BEGIN Recorded data

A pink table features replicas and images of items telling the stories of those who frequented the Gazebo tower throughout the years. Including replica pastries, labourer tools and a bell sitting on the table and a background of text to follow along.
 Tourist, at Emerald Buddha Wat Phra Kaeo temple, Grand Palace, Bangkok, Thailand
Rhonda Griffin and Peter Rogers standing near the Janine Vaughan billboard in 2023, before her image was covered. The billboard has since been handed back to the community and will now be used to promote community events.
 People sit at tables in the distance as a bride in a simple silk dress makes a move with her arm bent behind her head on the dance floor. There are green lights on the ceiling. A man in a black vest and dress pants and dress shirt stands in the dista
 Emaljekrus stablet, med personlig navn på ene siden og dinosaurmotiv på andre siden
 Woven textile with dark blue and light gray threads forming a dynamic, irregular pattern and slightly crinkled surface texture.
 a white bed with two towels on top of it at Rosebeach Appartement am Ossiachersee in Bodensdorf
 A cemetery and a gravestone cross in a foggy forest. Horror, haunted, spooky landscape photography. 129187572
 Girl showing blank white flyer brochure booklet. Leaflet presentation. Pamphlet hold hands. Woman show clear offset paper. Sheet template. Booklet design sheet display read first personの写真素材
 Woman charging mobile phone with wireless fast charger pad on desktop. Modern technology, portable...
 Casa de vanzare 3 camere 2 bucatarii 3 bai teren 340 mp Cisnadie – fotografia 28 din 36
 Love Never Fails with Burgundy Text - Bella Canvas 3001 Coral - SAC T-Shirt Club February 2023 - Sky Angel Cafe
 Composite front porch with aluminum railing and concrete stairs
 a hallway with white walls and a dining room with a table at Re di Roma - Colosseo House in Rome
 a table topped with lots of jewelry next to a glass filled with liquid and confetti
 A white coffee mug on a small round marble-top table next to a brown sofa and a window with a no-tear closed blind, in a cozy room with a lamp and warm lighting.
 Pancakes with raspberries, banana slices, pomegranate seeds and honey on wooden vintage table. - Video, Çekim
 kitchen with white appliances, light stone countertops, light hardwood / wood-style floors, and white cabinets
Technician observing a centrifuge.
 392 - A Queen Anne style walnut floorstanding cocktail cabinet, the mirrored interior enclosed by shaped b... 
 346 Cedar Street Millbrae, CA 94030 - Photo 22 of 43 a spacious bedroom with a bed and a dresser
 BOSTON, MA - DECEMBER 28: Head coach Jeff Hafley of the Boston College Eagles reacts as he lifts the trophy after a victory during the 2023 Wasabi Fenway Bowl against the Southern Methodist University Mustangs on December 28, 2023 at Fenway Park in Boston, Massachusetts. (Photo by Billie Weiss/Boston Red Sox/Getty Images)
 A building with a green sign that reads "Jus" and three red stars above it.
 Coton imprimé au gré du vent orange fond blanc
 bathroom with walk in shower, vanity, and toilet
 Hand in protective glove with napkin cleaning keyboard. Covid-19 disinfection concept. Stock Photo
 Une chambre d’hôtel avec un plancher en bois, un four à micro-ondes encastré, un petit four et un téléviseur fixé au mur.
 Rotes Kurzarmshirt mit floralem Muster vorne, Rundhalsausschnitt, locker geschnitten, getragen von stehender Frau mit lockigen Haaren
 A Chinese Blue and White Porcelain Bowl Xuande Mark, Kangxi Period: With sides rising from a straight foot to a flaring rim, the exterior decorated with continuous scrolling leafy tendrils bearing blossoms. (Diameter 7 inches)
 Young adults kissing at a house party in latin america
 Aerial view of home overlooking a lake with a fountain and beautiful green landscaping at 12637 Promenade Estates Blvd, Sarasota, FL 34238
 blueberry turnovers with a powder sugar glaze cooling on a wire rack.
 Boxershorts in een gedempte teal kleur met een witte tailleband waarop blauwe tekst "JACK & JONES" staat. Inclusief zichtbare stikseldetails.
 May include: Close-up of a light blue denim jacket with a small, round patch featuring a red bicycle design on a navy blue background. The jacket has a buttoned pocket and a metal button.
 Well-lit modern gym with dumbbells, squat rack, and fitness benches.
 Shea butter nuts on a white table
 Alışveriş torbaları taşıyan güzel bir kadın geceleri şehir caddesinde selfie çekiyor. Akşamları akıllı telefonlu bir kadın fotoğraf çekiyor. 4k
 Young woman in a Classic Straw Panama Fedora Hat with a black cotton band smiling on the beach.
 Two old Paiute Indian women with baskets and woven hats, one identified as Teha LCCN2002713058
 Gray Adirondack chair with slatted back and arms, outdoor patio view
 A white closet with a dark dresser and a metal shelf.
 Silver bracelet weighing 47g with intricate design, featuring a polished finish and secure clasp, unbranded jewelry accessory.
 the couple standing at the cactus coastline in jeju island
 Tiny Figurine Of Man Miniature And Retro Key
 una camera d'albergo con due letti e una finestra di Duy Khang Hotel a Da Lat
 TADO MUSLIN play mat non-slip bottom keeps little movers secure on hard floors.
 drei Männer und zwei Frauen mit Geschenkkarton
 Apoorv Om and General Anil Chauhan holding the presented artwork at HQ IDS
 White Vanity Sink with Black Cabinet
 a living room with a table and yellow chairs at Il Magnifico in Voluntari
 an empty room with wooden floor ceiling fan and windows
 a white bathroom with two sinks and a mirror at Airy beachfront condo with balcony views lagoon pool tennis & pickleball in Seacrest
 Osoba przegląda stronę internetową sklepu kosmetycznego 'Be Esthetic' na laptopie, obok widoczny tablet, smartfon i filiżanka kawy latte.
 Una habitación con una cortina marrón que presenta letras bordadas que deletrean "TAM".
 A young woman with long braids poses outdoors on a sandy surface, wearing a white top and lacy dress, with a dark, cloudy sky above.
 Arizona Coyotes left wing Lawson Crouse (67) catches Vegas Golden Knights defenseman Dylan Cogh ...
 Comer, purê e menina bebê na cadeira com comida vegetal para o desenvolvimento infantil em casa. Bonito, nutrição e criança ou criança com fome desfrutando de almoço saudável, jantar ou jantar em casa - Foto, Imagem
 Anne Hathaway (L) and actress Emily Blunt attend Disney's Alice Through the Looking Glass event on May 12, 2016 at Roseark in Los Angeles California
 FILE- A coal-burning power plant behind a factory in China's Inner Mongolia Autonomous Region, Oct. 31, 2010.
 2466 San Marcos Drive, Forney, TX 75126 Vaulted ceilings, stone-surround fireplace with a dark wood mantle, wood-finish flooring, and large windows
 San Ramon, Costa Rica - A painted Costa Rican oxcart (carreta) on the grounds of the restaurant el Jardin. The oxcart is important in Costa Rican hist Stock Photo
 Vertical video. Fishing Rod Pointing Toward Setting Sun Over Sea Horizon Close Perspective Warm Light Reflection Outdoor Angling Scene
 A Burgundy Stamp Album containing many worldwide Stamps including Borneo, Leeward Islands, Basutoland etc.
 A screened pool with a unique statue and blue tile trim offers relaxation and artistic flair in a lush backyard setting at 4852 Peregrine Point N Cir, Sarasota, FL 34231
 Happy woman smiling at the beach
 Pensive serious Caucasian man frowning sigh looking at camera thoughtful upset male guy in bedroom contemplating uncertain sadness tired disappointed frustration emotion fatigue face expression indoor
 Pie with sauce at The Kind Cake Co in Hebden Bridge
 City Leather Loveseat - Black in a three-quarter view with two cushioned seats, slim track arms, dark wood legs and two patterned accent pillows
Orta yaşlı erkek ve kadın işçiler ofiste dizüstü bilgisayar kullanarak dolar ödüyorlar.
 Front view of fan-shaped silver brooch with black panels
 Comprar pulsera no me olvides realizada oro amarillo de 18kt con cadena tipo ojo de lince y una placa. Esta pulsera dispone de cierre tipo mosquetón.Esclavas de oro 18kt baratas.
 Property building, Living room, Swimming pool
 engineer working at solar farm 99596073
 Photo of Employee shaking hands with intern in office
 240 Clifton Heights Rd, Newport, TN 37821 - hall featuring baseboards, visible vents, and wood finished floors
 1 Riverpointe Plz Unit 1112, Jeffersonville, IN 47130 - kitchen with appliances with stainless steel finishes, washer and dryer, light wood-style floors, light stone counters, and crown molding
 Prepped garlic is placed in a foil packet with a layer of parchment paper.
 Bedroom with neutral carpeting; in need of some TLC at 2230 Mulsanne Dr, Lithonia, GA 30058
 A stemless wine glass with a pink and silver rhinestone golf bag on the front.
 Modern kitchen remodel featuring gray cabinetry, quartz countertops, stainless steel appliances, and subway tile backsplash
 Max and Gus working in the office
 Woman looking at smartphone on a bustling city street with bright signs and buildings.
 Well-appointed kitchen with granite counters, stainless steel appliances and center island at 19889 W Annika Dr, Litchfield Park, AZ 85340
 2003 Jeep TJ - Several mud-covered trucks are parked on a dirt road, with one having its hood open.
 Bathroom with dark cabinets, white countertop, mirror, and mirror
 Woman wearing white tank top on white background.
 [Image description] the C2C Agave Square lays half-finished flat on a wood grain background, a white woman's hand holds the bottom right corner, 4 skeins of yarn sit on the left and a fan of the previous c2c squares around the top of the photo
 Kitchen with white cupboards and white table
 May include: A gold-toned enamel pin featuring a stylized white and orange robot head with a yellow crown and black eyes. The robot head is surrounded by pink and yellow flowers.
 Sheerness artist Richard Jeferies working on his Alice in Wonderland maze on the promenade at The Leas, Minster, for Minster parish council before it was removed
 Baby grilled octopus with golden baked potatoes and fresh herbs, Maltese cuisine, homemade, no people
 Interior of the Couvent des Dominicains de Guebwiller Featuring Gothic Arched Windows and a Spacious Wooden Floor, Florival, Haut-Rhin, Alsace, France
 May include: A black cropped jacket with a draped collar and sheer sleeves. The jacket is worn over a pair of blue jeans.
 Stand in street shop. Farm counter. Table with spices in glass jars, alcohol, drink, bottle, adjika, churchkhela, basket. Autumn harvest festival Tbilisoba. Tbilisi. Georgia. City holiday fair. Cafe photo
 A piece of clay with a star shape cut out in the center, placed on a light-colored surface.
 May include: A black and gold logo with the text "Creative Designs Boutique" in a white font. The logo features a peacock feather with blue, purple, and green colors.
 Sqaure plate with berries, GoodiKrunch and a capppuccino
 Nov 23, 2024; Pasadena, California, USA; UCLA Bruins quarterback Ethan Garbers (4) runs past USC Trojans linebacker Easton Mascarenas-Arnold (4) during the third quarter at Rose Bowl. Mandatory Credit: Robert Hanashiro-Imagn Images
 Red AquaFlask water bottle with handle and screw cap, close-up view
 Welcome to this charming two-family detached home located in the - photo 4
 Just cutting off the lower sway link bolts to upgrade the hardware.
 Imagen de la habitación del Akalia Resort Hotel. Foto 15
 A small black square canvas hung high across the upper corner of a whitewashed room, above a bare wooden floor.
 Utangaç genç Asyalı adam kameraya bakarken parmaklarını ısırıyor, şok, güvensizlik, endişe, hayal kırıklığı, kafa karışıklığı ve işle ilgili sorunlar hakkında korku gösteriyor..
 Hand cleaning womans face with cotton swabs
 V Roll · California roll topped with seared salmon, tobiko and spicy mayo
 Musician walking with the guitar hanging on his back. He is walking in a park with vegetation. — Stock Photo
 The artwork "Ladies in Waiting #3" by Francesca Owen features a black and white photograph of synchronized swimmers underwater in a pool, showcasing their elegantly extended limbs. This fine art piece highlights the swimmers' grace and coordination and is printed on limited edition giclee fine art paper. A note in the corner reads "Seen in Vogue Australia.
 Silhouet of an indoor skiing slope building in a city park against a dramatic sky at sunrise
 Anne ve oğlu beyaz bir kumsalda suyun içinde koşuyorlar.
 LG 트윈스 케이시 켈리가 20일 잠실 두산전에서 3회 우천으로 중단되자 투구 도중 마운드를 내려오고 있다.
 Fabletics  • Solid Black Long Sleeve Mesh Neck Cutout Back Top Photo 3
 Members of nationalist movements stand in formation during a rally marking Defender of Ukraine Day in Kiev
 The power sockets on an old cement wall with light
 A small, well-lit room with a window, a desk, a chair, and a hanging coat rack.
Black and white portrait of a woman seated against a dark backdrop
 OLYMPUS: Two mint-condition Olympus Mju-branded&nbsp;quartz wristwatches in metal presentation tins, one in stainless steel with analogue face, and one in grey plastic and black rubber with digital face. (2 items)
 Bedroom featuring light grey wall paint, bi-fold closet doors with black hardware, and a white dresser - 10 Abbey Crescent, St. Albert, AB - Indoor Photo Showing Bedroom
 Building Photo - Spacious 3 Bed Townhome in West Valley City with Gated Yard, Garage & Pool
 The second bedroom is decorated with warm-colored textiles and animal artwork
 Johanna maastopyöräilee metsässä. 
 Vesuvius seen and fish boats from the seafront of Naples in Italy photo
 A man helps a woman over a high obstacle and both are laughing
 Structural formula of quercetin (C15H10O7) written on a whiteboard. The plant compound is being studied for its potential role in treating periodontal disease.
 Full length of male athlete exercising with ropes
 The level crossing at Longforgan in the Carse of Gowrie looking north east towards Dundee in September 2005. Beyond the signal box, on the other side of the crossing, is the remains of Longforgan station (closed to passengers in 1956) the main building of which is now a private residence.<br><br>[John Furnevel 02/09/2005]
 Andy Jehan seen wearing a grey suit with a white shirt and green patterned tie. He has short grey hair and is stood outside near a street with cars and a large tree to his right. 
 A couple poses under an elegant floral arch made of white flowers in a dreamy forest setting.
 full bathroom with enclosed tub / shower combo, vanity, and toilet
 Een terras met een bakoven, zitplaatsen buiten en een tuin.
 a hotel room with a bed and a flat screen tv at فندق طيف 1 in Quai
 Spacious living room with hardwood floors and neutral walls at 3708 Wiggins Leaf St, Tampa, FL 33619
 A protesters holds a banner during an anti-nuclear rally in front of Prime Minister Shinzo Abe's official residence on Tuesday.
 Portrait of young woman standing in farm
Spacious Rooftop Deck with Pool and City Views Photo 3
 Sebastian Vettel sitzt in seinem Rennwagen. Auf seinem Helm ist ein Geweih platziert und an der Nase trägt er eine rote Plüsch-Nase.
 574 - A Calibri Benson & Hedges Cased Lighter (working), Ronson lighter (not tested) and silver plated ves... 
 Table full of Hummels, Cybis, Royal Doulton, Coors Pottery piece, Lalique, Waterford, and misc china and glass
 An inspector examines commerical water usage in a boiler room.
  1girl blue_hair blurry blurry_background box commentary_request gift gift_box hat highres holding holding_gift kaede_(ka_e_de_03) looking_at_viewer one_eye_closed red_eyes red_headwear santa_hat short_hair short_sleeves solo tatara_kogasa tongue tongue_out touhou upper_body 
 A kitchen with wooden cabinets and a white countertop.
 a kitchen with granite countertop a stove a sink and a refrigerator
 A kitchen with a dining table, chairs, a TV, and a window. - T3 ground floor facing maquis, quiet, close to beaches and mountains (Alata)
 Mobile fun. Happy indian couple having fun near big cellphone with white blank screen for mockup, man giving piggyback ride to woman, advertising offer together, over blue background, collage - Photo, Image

END Recorded data

• [Exercise brief]: Set aside each line above that includes the string "having" and report it.

• [Reply to the task]:
 2003 Jeep TJ - Several mud-covered trucks are parked on a dirt road, with one having its hood open.
 Mobile fun. Happy indian couple having fun near big cellphone with white blank screen for mockup, man giving piggyback ride to woman, advertising offer together, over blue background, collage - Photo, Image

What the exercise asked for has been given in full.